Work required: Everything from the line containing "Miles de cabezas" through the line containing "Meet the diva💃" should be repeated exactly, and nothing else from the data.
* * *
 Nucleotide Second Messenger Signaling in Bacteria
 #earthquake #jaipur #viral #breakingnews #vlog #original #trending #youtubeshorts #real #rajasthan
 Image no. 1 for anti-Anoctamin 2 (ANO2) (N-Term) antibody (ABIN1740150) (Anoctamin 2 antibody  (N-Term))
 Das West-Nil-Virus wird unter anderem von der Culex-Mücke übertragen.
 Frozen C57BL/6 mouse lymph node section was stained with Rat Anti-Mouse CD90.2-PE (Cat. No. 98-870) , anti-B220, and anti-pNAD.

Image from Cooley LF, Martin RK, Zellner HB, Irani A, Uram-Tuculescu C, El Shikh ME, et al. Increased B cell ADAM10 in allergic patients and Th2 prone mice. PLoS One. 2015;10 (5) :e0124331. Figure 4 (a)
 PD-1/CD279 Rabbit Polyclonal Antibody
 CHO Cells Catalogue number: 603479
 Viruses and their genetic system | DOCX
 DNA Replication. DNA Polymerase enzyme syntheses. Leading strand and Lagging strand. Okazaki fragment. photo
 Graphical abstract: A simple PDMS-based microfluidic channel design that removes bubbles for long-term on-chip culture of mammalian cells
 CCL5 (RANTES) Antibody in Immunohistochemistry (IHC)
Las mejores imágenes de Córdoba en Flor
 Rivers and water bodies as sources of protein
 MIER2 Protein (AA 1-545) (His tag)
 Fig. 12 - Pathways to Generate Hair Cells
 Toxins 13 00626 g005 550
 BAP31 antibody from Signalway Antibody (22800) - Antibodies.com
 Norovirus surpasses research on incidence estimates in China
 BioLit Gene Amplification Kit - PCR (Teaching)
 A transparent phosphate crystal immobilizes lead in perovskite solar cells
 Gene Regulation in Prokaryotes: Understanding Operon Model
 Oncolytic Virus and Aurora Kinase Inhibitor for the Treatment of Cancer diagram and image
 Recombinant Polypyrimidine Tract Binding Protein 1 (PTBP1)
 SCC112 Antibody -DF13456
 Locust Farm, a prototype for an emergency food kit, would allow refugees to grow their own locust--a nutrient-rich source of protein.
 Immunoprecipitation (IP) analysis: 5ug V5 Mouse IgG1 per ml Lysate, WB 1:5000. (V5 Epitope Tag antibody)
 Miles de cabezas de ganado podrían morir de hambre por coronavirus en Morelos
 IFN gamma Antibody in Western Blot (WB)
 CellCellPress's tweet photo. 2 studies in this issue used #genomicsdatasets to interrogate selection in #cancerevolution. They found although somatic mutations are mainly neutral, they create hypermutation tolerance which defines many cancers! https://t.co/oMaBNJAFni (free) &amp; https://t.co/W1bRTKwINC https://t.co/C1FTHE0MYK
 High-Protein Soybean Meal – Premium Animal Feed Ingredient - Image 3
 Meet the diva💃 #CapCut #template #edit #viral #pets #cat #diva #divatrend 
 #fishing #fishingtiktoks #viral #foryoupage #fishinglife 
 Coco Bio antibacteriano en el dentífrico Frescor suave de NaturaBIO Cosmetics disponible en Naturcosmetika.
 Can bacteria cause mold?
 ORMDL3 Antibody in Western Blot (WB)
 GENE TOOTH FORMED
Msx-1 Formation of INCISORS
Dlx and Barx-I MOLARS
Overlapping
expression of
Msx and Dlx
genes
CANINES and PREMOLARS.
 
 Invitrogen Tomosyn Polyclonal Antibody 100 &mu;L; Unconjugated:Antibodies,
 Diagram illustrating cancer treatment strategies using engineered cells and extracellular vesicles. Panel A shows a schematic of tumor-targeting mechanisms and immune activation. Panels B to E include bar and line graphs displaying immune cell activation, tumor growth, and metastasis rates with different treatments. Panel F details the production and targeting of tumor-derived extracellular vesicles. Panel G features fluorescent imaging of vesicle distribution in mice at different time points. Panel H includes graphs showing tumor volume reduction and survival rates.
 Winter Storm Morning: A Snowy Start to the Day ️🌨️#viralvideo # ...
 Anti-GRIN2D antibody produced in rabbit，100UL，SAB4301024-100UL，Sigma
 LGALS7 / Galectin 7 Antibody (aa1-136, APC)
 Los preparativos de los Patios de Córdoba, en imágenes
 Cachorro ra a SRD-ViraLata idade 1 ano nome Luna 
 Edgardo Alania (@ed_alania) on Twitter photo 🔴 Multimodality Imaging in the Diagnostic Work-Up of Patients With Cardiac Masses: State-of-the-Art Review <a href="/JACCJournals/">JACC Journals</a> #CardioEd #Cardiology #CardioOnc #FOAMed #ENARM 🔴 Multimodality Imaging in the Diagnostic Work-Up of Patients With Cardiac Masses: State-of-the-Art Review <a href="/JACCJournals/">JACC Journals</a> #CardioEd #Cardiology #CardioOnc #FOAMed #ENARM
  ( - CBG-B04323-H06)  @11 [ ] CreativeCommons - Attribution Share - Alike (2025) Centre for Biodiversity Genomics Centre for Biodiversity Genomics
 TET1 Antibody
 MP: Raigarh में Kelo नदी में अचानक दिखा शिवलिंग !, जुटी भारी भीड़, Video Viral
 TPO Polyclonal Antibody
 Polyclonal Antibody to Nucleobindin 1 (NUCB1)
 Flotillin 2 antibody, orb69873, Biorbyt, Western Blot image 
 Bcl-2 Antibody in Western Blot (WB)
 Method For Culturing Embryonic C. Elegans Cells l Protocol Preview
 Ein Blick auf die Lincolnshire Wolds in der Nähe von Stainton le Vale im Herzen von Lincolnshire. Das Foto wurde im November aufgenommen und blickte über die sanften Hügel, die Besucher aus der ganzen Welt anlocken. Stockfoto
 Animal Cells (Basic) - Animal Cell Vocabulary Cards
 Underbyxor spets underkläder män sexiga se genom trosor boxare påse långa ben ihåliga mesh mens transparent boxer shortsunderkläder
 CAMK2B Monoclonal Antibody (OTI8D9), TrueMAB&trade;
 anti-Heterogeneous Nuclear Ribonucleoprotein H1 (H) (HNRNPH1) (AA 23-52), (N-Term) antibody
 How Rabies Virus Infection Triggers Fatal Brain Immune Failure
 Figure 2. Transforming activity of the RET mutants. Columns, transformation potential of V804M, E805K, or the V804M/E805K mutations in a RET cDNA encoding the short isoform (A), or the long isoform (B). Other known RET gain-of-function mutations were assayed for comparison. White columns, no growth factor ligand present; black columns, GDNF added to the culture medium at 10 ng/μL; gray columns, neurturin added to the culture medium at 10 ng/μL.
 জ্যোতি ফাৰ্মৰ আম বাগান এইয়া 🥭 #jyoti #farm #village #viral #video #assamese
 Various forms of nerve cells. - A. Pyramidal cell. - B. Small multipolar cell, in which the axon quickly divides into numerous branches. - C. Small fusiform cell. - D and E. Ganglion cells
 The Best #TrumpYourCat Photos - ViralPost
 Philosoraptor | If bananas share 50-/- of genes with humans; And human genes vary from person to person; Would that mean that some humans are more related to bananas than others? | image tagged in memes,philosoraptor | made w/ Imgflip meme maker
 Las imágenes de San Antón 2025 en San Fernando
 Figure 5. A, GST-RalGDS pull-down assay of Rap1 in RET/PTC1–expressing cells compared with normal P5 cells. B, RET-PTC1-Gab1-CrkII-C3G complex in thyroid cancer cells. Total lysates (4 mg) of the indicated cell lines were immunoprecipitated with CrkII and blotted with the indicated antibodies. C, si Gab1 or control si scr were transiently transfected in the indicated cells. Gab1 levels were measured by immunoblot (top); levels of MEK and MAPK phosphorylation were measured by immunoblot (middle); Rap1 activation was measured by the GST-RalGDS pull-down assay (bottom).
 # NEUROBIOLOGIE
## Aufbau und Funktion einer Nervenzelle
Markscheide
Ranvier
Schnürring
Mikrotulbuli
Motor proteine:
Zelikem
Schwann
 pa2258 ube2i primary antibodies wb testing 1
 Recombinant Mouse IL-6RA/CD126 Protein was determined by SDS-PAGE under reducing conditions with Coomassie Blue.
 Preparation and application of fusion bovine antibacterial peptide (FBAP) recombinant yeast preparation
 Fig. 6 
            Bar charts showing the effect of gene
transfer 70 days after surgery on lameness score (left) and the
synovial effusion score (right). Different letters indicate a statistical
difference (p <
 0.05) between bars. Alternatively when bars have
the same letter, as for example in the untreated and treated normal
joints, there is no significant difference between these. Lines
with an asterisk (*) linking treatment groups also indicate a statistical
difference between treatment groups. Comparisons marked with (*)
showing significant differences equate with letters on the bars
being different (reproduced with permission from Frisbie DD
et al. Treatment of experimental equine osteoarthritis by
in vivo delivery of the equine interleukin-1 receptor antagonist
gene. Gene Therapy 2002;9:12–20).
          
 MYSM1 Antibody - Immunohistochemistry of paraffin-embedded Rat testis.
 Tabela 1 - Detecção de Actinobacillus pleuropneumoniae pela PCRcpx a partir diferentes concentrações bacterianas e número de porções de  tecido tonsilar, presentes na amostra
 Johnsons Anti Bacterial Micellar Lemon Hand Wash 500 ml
* * *
Exercise result:
 Miles de cabezas de ganado podrían morir de hambre por coronavirus en Morelos
 IFN gamma Antibody in Western Blot (WB)
 CellCellPress's tweet photo. 2 studies in this issue used #genomicsdatasets to interrogate selection in #cancerevolution. They found although somatic mutations are mainly neutral, they create hypermutation tolerance which defines many cancers! https://t.co/oMaBNJAFni (free) &amp; https://t.co/W1bRTKwINC https://t.co/C1FTHE0MYK
 High-Protein Soybean Meal – Premium Animal Feed Ingredient - Image 3
 Meet the diva💃 #CapCut #template #edit #viral #pets #cat #diva #divatrend 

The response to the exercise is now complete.